Hosted by the Kansas City Fed every August since 1982, Economic Policy Symposium started as a quiet academic gathering in sleepy Wyoming and has somehow since evolved into one of the world's most watched economic events.
Why Jackson Hole?
Simple.
It's far away from the Washington DC circus.
No press conferences or podiums. No formal congressional hearings. Just fresh mountain air, some Snake River fly fishing, a little backyard barbecue, and the supposed freedom to float ideas without cementing any in concrete.
And that's exactly what's happened over the years. Ben Bernanke used Jackson Hole in 2010 to hint at QE2 before making it official. Janet Yellen laid the groundwork there in 2015 for the first rate hike after the financial crisis.
And Powell has turned it into his personal testing ground for trying out new messaging.
Attendance has exploded too. What used to be a handful of Fed officials and select academic economists has become a cadre of central bankers, finance ministers, and market heavyweights from around the world.
Every word gets parsed by traders in real time.
But this year's a bit different. Powell's walking into Wyoming with economic data that's all over the map.
The jobs report was brutal - only 73,000 jobs added in July, with unemployment jumping to 4.2%. But here's the kicker: massive revisions cut previous months to the bone. May went from 144,000 jobs down to 19,000. June fell from 147,000 to 14,000. We're talking about an economy that's only added 35,000 jobs per month since May.
All after the BLS revised past numbers and then the head of the Bureau was fired by Trump.
If you are wondering about this and have not yet read about it, I wrote a whole newsletter all about the BLS and its sketchy data a couple weeks ago. You can find that here:
Then came inflation data that looked... benign?

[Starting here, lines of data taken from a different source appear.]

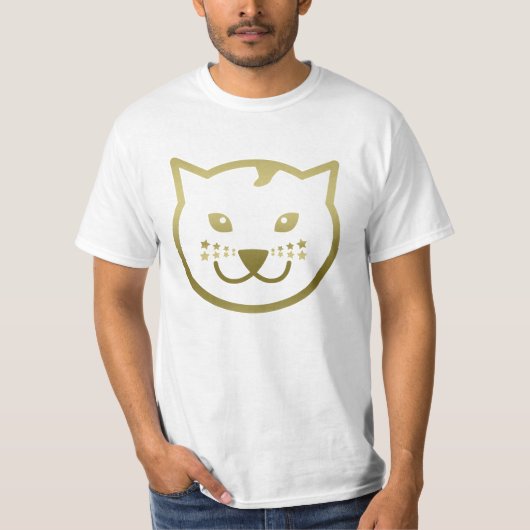 Imitate Gold Cat Face - Benutzerdefinierte Hinterg T-Shirt (Vorderseite)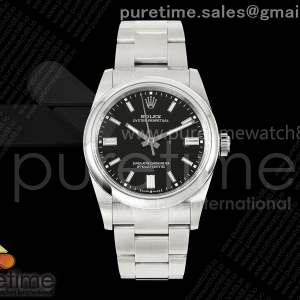 QF 롤렉스 오이스터 퍼페츄얼 36미리 블랙다이얼 스틸브레이슬릿 프리스프렁 Oyster Perpetual 126000 36mm QF 1:1 Best Edition 904L Steel Black Dial JH3230 Free Sprung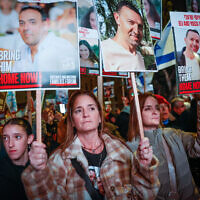 Families of the Israelis held kidnapped by Hamas terrorists in Gaza and their supporters protest for the captives' release in Jerusalem, March 2, 2024. (Chaim Goldberg/Flash90)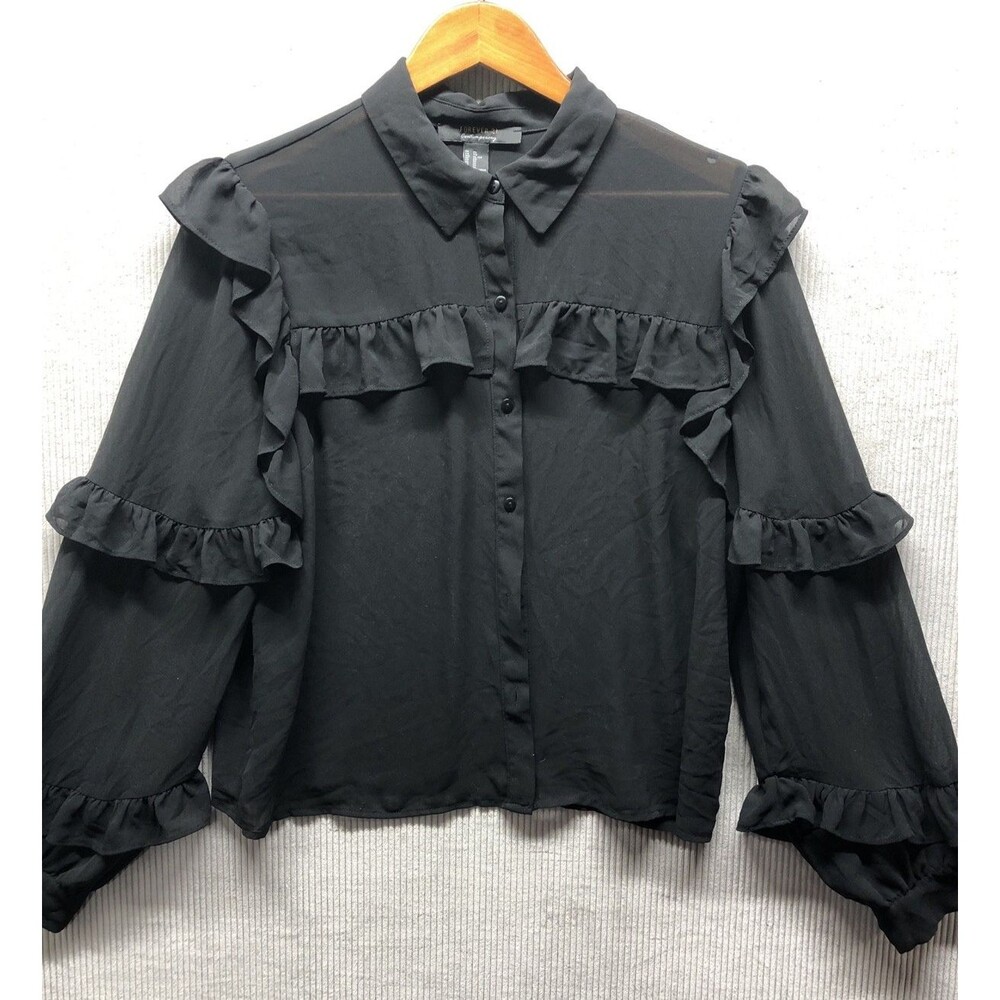 Forever21 Blouse XL Black Sheer Ruffle Button Down Goth Witchy Halloween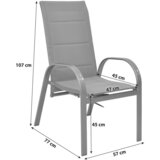 Gardenson VRTNA GARNITURA AMALFI aluminij rjava, barve grafita, siva | Shoptok.si
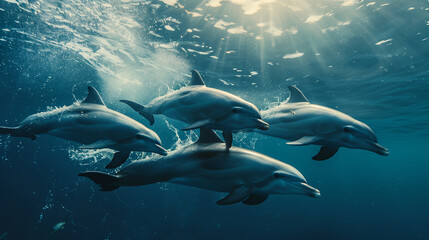 Fototapeta premium Two sparkling dolphins jumping out of the water at sunrise. Dolphins Jumping From The Sea. a pod of dolphins including fully grown and juvenile taken from a boat off the coast of Reykjavik Iceland. 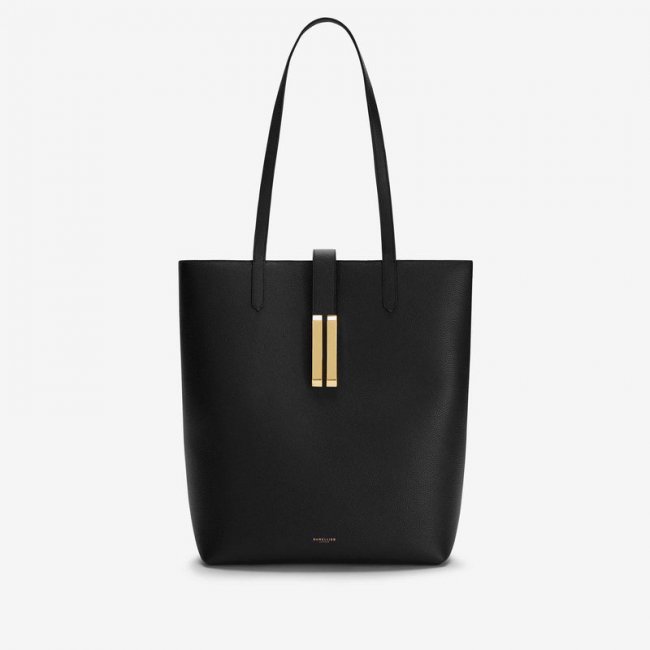 Demellier | The Vancouver Tote | Black Small Grain | Canada Outlet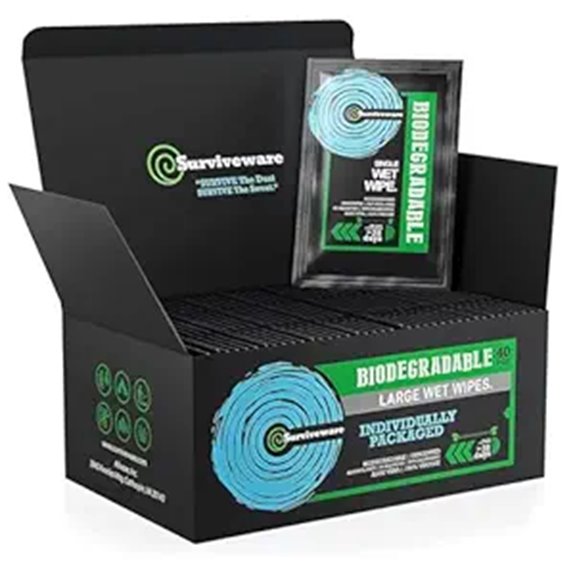 surviveware biodegradable shower wipes
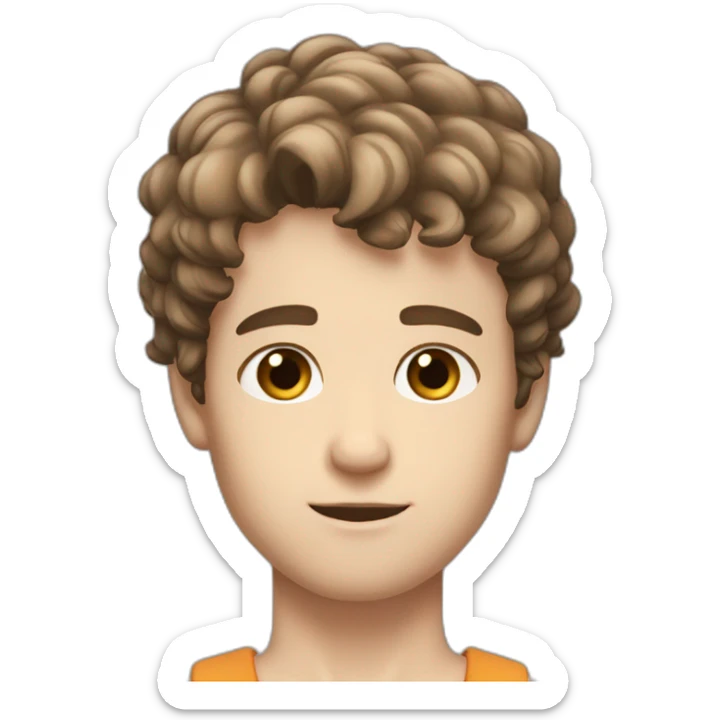 a tall and muscular white boy with short fluffy brown hair and gorgeous dark brown eyes sticker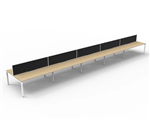 RAPID INFINITY DELUXE 10 PERSON PROFILE LEG DOUBLE SIDED WORKSTATION 1200 X 750 X 730MM BLACK SCREEN  NATURAL OAK TOP  WHITE FRAME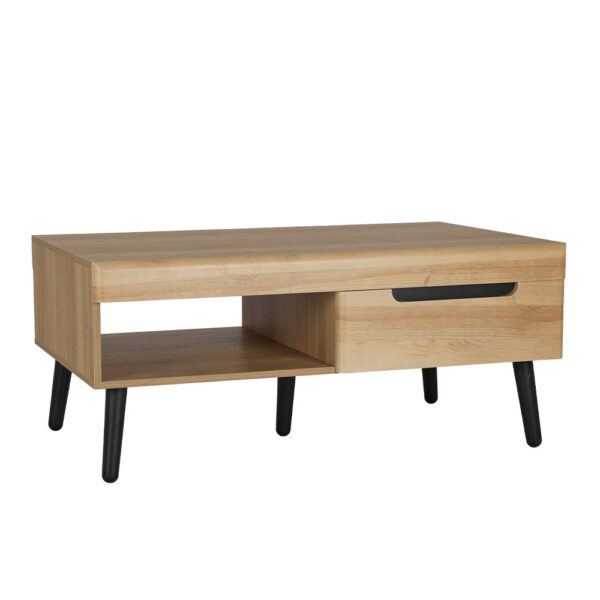 GRIF COFFEE TABLE 2ΣΥΡΤΑΡΙΑ ΦΥΣΙΚΟ ΜΑΥΡΟ 107x67x46 04-1008 - Image 6
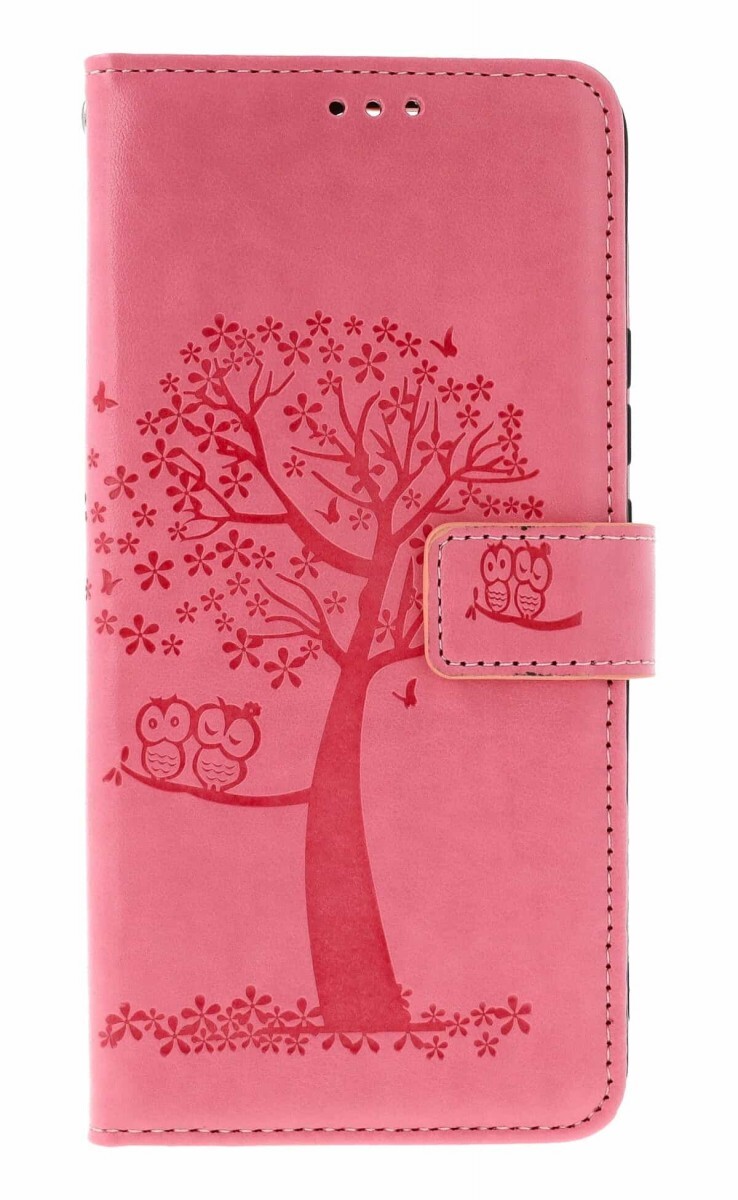 Pouzdro TopQ Xiaomi Redmi 15 knížkové Růžový strom sovičky 168123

Core CPI held steady at 3.1%, overall inflation at 2.7% - the lowest since early 2021. If you just looked at consumer prices, you'd think the Fed had this whole inflation thing figured out.
Victory!
Except then producer prices exploded.
A 0.9% jump in one month - the biggest surge in two years. That screams businesses getting crushed by input costs they haven't figured out how to pass along to consumers yet.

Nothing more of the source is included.